Bases: olm.nn.embeddings.positional.base.PositionalEmbeddingBase

Source: src/olm/nn/embeddings/positional/alibi.py:9

Attention with Linear Biases (ALiBi) as described in "Train Short, Test Long: Attention with Linear Biases Enables Input Length Extrapolation" (arXiv 2108.12409).

Instead of adding positional information to embeddings, ALiBi adds a bias to attention scores that is proportional to the distance between query and key positions.
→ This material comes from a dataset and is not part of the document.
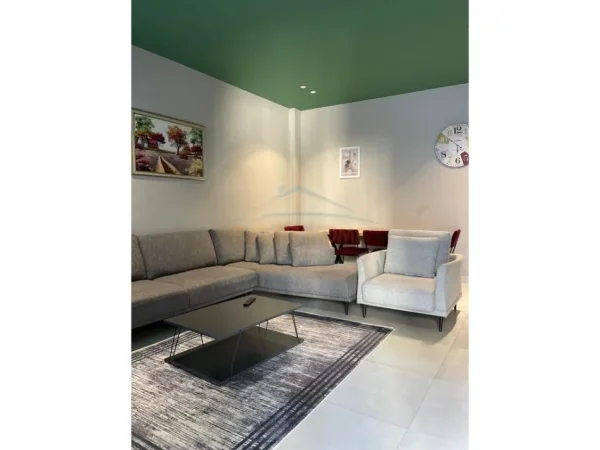 jepet me qera apartament 1+1 Kati 1, 60 m² 450 €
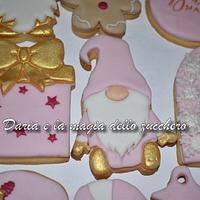 Pink and gold Christmas cookies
This allows the model to extrapolate to longer sequences than seen during training.

The bias is computed as: bias[i,j] = -m * |i - j| where m is a head-specific slope.

Methods

forward(self, seq_len_q: int, seq_len_k: int, device: torch.device | None = None) -> torch.Tensor

Source: src/olm/nn/embeddings/positional/alibi.py:85

Get ALiBi bias for the given query and key sequence lengths.

Parameters

  • seq_len_q: length of query sequence
  • seq_len_k: length of key sequence (usually same as seq_len_q)
  • device: device to place the bias tensor on

Returns

Bias tensor of shape (1, num_heads, seq_len_q, seq_len_k) This should be added to attention scores before softmax.